§ WHAT IS BEING ASKED
Give back one number only: how many lines in the material below contain "Cadillac".

§ SOURCE RECORDS
^^^^^^^^^^^^^^^^

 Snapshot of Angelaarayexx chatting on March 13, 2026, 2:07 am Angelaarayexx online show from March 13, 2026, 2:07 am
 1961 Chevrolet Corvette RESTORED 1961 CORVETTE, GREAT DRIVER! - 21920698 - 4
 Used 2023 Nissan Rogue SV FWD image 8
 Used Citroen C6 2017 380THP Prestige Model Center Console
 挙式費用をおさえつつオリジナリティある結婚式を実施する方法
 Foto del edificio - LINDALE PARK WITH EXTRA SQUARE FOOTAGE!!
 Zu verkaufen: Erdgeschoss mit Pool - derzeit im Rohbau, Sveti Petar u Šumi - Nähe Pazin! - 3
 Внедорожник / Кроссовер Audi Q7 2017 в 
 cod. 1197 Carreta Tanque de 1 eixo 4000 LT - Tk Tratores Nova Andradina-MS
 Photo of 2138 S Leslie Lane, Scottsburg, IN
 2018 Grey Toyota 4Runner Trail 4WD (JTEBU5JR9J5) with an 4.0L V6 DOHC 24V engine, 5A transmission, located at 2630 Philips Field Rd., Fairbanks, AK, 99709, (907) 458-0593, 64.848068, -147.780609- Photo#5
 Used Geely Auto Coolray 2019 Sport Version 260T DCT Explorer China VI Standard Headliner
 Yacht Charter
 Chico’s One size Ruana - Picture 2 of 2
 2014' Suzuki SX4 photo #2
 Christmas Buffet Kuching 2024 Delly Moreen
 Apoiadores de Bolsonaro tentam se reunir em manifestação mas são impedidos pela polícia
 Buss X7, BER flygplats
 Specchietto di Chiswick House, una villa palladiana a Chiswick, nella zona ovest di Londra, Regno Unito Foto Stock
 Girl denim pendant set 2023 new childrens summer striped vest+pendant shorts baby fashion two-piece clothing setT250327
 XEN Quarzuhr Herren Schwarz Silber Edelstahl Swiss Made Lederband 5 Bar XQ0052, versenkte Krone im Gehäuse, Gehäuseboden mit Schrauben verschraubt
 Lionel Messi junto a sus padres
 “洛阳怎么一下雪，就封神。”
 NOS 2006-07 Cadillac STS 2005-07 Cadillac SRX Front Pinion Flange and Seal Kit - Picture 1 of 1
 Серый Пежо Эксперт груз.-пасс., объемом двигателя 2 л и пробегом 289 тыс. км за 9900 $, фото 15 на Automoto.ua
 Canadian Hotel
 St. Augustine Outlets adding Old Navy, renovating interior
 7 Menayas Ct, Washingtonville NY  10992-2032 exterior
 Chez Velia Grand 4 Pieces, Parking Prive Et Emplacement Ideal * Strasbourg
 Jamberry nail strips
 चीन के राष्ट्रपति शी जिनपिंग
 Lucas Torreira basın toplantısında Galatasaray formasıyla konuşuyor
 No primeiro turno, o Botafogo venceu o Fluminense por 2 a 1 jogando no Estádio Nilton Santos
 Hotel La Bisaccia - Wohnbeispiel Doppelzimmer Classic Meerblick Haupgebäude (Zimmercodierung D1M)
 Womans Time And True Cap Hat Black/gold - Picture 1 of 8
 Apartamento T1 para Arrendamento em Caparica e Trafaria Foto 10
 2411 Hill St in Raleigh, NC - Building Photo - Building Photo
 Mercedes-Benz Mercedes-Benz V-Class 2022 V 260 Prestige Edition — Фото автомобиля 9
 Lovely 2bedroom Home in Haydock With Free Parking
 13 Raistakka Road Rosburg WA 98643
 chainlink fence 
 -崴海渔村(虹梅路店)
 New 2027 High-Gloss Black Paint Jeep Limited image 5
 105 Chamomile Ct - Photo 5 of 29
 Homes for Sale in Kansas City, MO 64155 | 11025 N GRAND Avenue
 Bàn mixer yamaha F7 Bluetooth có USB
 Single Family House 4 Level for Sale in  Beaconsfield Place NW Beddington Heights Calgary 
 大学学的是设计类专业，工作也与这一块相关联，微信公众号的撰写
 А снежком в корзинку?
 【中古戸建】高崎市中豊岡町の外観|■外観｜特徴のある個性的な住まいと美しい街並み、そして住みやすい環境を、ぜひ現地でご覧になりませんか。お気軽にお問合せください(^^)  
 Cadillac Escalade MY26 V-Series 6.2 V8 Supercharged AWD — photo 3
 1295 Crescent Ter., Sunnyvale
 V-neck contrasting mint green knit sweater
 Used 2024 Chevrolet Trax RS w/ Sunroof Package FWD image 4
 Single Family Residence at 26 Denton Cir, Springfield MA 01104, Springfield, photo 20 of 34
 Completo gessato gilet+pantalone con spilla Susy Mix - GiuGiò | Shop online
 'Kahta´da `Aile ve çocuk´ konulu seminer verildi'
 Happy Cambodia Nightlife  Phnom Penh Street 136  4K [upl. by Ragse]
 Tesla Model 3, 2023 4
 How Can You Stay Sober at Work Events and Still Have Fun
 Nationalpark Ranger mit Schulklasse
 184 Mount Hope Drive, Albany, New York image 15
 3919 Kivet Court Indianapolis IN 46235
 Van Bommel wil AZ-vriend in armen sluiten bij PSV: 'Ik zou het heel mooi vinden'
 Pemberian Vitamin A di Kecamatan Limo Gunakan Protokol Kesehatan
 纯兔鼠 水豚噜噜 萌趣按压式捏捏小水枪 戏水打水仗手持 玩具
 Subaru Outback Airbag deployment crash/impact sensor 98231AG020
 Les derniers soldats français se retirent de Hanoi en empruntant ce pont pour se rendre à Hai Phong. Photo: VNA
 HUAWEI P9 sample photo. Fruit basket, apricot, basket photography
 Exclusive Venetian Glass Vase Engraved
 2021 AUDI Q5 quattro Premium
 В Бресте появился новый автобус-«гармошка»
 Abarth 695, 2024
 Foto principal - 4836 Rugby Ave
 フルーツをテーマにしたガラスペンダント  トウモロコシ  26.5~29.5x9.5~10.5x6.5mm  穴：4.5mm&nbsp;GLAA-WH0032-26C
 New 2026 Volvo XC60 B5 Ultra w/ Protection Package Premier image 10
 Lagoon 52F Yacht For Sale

^^^^^^^^^^^^^^^^

§ SOLUTION
2